One thing has changed since the 1990s: More people are questioning these deals. Sacramento officials fought efforts to put the subsidy to a citywide vote. Opponents of the deal gathered nearly 23,000 signatures, but a Superior Court judge ruled the petitions had too many errors and kept the question off the ballot.

In San Diego, Measure C would raise the city’s hotel tax from 12.5 percent to 16.5 percent to fund a new downtown stadium and convention center. A judge ruled that approval requires a two-thirds public vote. Yet according to a recent poll by the San Diego Union-Tribune and 10News, the measure is unlikely to get a simple majority approval, despite team owners’ long-standing threats to move the beloved Chargers to Los Angeles or elsewhere.

The city of Inglewood isn’t giving the Rams a direct subsidy, as the team, newly returned to Los Angeles, builds a privately backed City of Champions stadium for the 2019 season. Los Angeles isn’t Cleveland. In the years I lived in the LA region, I rarely met anyone – even die-hard football fans – who felt emotionally vested in the idea of an LA team. There’s too much going on for sports-team owners to be able to arm-twist the kind of concessions they receive elsewhere. (Sadly, St.

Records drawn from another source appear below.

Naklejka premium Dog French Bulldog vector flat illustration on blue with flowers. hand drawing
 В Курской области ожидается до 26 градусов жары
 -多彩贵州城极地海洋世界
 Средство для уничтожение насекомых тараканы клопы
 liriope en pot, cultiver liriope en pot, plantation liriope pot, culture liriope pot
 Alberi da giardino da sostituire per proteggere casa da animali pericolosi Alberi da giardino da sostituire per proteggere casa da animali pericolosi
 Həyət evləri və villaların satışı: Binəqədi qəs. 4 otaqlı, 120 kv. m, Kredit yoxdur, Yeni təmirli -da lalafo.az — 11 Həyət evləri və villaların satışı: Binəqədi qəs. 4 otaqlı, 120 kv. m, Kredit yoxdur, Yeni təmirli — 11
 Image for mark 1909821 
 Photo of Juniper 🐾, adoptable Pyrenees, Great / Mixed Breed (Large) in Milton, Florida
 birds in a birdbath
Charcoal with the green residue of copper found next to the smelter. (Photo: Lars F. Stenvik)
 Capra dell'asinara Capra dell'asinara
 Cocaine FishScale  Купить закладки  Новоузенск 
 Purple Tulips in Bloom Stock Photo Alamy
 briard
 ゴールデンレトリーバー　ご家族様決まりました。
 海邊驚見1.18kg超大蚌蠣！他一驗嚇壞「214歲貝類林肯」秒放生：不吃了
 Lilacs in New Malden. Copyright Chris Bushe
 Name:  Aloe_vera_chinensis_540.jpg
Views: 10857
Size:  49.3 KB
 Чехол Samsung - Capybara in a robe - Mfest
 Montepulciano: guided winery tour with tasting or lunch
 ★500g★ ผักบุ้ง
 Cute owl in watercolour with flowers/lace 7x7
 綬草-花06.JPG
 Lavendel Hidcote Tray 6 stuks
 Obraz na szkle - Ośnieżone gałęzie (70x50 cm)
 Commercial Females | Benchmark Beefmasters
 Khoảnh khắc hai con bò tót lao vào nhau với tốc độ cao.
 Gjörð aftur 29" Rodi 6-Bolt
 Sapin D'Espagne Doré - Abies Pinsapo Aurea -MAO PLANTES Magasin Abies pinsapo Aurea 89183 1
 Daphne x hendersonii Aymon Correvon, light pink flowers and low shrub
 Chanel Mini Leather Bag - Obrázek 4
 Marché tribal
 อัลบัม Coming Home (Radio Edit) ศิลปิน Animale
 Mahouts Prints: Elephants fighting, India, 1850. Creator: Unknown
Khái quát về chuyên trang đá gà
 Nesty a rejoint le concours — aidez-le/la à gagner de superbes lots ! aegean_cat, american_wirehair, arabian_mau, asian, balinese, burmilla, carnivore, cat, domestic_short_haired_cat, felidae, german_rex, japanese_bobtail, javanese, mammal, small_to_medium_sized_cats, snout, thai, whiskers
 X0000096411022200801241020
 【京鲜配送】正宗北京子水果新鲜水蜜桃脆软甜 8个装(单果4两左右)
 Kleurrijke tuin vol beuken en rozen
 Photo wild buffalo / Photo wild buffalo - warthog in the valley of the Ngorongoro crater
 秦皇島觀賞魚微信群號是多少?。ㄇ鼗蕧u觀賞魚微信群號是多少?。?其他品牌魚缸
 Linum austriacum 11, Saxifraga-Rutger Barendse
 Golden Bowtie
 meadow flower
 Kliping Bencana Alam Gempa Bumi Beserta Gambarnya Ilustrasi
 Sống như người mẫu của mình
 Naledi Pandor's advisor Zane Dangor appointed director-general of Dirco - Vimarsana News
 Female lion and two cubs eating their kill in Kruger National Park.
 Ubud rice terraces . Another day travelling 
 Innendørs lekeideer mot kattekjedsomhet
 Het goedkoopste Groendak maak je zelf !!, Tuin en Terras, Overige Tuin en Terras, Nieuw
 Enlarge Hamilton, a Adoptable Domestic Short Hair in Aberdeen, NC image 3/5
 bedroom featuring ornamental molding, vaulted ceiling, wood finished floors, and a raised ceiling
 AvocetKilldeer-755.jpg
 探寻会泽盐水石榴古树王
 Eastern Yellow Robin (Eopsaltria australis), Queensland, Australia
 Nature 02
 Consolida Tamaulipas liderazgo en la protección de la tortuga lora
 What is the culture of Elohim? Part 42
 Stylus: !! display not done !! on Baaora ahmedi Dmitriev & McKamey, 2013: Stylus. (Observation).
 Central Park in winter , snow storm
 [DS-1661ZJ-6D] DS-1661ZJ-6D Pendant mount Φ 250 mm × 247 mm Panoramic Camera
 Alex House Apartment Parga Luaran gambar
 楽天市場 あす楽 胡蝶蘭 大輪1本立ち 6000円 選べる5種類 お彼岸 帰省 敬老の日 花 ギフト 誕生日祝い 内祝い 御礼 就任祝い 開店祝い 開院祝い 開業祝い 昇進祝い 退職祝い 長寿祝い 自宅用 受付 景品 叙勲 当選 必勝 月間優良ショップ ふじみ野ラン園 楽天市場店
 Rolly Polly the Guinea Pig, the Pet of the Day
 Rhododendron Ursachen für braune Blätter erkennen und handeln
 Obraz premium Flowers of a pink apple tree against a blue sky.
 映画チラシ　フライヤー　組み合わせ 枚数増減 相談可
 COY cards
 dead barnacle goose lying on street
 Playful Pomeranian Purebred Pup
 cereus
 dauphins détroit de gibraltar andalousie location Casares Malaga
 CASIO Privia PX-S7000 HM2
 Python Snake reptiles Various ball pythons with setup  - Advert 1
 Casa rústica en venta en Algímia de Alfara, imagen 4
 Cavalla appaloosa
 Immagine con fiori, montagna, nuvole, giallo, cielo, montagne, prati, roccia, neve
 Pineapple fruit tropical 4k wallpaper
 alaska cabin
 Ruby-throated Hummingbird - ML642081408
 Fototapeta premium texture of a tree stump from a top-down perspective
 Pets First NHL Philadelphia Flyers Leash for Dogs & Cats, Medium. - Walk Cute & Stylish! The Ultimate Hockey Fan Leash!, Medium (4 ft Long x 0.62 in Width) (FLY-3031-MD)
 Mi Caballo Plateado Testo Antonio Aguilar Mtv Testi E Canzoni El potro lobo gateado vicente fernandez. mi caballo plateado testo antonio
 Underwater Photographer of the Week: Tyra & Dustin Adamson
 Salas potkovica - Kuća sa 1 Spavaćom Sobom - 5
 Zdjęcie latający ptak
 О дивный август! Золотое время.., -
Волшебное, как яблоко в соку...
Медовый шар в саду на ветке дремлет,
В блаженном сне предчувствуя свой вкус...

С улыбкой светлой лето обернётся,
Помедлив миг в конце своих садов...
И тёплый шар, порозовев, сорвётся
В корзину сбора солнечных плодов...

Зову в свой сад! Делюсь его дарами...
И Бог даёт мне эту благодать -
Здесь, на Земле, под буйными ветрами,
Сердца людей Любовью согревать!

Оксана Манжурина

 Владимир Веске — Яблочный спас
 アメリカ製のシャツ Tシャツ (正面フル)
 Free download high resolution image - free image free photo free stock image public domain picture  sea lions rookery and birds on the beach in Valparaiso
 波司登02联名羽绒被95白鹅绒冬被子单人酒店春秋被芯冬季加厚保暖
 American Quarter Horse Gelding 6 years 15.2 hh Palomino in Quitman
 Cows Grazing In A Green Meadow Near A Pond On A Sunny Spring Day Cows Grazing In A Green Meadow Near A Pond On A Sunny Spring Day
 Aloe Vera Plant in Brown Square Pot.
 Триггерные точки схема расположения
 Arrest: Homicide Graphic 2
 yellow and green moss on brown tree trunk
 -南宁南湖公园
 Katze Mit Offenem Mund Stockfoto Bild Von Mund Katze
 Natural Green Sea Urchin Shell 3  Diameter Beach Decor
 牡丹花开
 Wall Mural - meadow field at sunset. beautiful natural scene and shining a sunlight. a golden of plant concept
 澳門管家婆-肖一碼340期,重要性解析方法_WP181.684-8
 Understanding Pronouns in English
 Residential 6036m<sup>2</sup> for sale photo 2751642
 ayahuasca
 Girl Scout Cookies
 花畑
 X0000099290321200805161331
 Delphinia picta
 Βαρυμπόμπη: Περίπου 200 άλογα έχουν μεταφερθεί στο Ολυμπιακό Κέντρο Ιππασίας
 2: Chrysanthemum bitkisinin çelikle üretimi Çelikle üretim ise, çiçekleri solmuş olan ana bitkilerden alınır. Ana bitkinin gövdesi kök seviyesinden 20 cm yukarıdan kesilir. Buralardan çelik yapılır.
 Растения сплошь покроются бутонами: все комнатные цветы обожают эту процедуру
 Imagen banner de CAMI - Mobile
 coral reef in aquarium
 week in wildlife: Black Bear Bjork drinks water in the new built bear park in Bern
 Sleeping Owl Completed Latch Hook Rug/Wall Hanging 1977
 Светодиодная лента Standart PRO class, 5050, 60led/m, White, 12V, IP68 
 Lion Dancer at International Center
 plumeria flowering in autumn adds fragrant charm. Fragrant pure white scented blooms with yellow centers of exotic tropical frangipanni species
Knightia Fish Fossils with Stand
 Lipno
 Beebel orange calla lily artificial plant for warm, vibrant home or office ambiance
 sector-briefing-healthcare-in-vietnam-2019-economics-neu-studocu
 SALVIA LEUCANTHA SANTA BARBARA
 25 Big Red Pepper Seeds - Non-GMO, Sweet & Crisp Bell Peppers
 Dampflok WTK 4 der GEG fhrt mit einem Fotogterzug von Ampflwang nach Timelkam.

Louis taxpayers are still stuck paying $144 million in debts for their now-departed team.)

A recent New York Daily News feature found the NFL has been ratcheting up the cost of its stadiums “where structures are identified by their massive girth, custom amenities and artisanal food stands.… A hefty price tag is a defining trait of these modern marvels, with fans and taxpayers typically financing a huge portion of construction.” The newspaper pegged the average stadium subsidy over the last decade at $285 million. That number could rise.

“The Oakland Raiders want to move to Las Vegas, and the city’s politicians, business leaders and legions of football fans are salivating,” according to a New York Times report last week. “The catch, as usual, is the price tag. The Raiders want a new, 65,000-seat stadium as part of the deal, and they’re asking for the state to pitch in to cover the nearly $2 billion cost using a tax on Vegas-area hotel rooms.” The state is being asked for about $750 million. Meanwhile, Oakland and Alameda County taxpayers still owe $95 million for a past stadium renovation.

Most of these discussions center on direct subsidies. But a recent Brookings Institution report calculated the large federal subsidies via tax-exempt municipal bonds for stadiums and arenas – and called for “reforms to reduce or eliminate this inefficient subsidy.” Brookings found “no discernible positive relationship between sports facility construction and local economic development, income growth or job creation.” The “more plausible justification” for the subsidies “is that there are public good benefits to local residents… in the form of enjoyment from following the team.”

I’d get more enjoyment if the local government used our tax dollars to better pave the roads so I can get out of town before Kings fans overrun my parking lot. To me, the most interesting thing about the 49ers game this weekend is that Levi’s Stadium is basically privately financed. If the league insisted on that standard, then I might even attend a game.